Title: Microstructure of Cement-Based Grouts Containing Fly Ash and Brine

Author(s): Akthem A. Al-Manaseer, Muir D. Haug, Moir D.Haug and Lionel C. Wong

Publication: Symposium Paper

Volume: 132

Issue:

Appears on pages(s): 635-654

Keywords: durability; microstructure; scanning electron microstructure; grout; salt water; fly ash; Materials Research

DOI: 10.14359/2093

Date: 5/1/1992

Abstract:
Study examines the microstructure properties of cement-based grout consisting of Type II rapid-hardening portland cement, Saskatchewan fly ash, and brine.
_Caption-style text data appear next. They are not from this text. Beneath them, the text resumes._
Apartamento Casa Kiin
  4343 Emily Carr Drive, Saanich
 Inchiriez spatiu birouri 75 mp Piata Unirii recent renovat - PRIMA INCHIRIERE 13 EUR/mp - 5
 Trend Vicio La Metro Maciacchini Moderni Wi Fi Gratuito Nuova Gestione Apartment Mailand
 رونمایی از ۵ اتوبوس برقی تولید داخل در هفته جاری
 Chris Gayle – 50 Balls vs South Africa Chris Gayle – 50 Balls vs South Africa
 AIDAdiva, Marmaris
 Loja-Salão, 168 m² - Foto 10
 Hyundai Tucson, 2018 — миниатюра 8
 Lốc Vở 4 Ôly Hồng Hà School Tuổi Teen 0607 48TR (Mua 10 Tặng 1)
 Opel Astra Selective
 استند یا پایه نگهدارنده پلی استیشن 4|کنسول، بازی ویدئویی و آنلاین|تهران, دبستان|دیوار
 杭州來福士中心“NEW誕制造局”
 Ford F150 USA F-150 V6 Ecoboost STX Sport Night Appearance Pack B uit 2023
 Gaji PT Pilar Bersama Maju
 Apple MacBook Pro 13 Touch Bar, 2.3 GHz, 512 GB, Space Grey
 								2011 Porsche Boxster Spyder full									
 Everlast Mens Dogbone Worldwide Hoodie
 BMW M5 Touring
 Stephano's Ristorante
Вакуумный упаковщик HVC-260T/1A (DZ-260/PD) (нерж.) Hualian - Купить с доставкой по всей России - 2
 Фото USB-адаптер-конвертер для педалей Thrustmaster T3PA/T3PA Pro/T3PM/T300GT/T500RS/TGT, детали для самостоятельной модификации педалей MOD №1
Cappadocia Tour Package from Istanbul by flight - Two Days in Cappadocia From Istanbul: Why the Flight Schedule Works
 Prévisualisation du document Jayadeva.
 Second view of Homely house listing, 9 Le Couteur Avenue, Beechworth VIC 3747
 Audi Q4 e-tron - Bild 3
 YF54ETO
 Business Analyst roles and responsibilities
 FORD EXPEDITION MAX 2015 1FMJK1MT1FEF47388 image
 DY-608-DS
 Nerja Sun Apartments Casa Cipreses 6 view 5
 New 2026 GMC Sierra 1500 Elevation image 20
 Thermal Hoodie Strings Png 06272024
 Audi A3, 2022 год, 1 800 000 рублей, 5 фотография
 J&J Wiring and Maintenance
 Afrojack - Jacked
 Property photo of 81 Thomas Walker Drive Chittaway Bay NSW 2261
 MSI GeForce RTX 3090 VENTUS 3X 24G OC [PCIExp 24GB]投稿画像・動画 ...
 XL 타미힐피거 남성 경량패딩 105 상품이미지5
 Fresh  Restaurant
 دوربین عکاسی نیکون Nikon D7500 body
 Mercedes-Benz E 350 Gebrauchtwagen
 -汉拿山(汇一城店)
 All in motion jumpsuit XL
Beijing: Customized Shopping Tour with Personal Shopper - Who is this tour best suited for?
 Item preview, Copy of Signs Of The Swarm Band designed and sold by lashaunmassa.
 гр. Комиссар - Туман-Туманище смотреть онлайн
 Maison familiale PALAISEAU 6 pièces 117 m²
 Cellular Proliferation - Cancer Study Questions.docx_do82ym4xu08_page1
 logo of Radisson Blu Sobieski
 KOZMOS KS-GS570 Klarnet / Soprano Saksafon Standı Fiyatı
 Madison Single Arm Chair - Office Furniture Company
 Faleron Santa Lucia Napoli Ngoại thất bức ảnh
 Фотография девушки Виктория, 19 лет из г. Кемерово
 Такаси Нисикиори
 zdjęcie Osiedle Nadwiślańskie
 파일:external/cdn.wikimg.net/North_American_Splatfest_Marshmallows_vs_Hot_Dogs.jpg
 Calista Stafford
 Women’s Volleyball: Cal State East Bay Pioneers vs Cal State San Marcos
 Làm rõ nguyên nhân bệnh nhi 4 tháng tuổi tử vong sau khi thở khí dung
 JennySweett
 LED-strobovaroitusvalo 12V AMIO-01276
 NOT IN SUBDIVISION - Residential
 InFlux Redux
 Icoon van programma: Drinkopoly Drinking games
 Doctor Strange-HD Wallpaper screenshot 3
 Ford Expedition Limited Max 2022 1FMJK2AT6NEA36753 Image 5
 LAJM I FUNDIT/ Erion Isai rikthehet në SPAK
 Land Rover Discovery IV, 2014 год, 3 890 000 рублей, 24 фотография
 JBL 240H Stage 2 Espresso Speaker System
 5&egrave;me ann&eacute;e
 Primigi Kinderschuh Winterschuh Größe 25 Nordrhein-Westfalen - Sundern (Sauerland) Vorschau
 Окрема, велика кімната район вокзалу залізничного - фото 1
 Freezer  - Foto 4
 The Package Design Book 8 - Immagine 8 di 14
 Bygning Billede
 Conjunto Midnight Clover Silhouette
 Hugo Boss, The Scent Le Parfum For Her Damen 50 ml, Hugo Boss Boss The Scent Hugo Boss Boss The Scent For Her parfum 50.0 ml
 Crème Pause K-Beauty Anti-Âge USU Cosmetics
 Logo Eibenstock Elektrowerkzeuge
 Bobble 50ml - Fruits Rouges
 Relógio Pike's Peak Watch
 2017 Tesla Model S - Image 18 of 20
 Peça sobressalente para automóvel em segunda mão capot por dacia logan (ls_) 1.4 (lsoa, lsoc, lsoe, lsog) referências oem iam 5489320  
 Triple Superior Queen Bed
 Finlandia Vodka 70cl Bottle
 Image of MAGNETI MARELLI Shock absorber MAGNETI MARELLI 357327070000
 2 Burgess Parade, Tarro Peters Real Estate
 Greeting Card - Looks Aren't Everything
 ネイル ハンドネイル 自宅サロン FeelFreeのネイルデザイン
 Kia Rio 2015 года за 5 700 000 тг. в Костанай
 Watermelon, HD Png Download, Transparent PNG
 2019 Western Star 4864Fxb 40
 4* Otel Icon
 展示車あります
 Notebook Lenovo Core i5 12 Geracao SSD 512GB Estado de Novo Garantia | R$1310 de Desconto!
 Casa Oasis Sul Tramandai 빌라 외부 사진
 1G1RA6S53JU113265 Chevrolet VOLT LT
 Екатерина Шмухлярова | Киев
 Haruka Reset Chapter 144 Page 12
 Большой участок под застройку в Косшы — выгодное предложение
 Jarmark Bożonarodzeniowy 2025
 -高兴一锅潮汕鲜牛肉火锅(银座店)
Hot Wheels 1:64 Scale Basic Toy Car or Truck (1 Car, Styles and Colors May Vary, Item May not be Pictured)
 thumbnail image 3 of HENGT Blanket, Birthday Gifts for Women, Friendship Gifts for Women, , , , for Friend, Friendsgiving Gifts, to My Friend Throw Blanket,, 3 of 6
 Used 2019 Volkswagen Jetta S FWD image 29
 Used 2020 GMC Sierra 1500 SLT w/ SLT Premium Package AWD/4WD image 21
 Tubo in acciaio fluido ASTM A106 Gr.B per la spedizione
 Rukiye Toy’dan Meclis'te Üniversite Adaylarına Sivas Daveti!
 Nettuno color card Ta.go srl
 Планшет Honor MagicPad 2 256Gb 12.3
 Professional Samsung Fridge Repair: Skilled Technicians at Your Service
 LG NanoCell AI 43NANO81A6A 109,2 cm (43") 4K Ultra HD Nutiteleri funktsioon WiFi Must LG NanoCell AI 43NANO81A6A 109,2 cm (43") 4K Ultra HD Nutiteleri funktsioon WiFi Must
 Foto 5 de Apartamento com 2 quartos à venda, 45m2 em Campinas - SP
The liquid brine is composed mainly of salts of sodium, calcium, potassium, and magnesium obtained from an underground potash mine. A scanning electron microscope (SEM), with an electron probe x-ray microanalyzer, was used to study the mechanism by which fly ash and brine alters the microstructure characteristics of cement grouts under confining pressures of 0, 3.4, and 6.9 MPa (0, 500, and 1000 psi). The SEM examination was conducted at 7, 14, and 365 days. This examination revealed that grout mixes containing brine had a gel-like substance covering the entire surface of the hydrated products. The probe x-ray microanalyzer identified the gel-like substance as consisting mainly of sodium chloride salt. Fly ash cement particles were also found to be encapsulated by the sodium chloride gel-like substance. This encapsulation may decrease the rate of pozzolanic reaction between fly ash particles and the lime available in the cement. Microscopic examination of specimens mixed with brine also showed the presence of long fibrous crystals with diameters ranging from 3 to 20 æm growing on the surface of the gel-like substance. Generally, at 7 and 14 days, the fly ash-cement grouts were found to have more such fibers than the grout containing no fly ash. This trend reversed at 365 days.